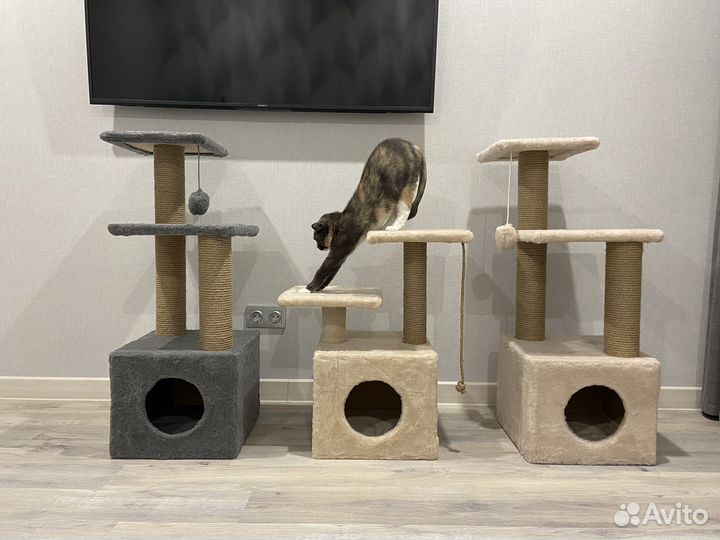 Домик-когтеточка для кошки новый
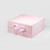 Medium Square Ribbon Box - Baby Pink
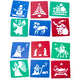 christmas and nativity stencil set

### Work request:
Nothing but the lines from the one containing "Medium Square Ribbon Box - Baby Pink" through the end of the listing should be printed, each exactly as it appears and without pictures.

### Expected answer:
 Medium Square Ribbon Box - Baby Pink
 christmas and nativity stencil set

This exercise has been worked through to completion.